# Typeof(π+1) is not Irrational

I have not used irrational numbers in Julia so far and was surprised to discover that while π is indeed Irrational, π+1 is Float64. I would like to understand why.

1 Like

In particular:

Number type representing an exact irrational value, which is automatically rounded to the correct precision in arithmetic operations with other numeric quantities.

The reason for this behavior is that you can’t really just add something to an irrational and keep the same genericness that the original type had (you could have a tape recording all operations, but that would slow down arithmetic tremendously). Internally, \pi etc. are defined in base/mathconstants.jl, with fairly high precision.

You may also be interested in this article from NASA, about how many digits of pi are actually required for (just about) all computations you’d usually be interested in:

5 Likes

Thanks for the explanation!

To be clear, they are defined to arbitrarily high precision. When you do arithmetic to combine π with some other quantity, it is replaced by a finite-precision approximation (typically determined at compile time) depending on the types of the other operands. e.g. π + 1 and 0.5π both evaluate π to double precision, but 0.5f0 * π evaluates π/2 to single precision.

The point of a special type for a constant like π, rather than simply defining it as a double-precision constant as in e.g. numpy or Matlab, is to allow you to write type-generic code (if you are careful). That is, you can write an expression like exp(-(π*x)) and it will work and use the full precision of x if x is single-precision, double-precision, BigFloat arbitrary precision, quad precision etcetera. (This requires careful attention to the parentheses, because the precision of π is determined by the first arithmetic operation you do on it.)

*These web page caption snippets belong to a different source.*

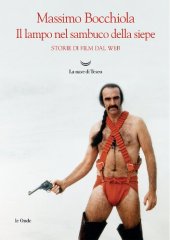 book Il lampo nel sambuco della siepe. Storie di film dal web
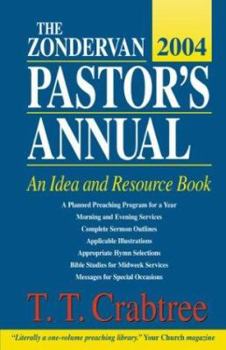 Paperback The Zondervan 2004 Pastor's Annual: An Idea and Resource Book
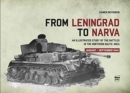 Image for From Leningrad to Narva : An Illustrated Study of the Battles in the Northern Baltic Area, January-September 1944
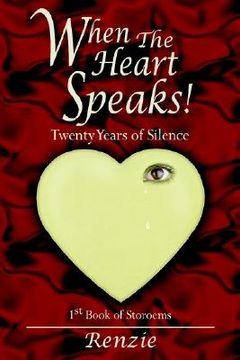 portada when the heart speaks!: twenty years of silence (in English)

The same thing applies to rational constants. If you have a constant like 2/3 in your code, then it is evaluated in double precision (because that’s what / does with Int arguments), which would be bad if you want it to use a context-dependent precision. Instead, you can write the rational constant 2//3 and it will then be converted to the precision of whatever type you combine it with. (This conversion is done at compile-time in Julia 1.8, so rational constants are finally fast.)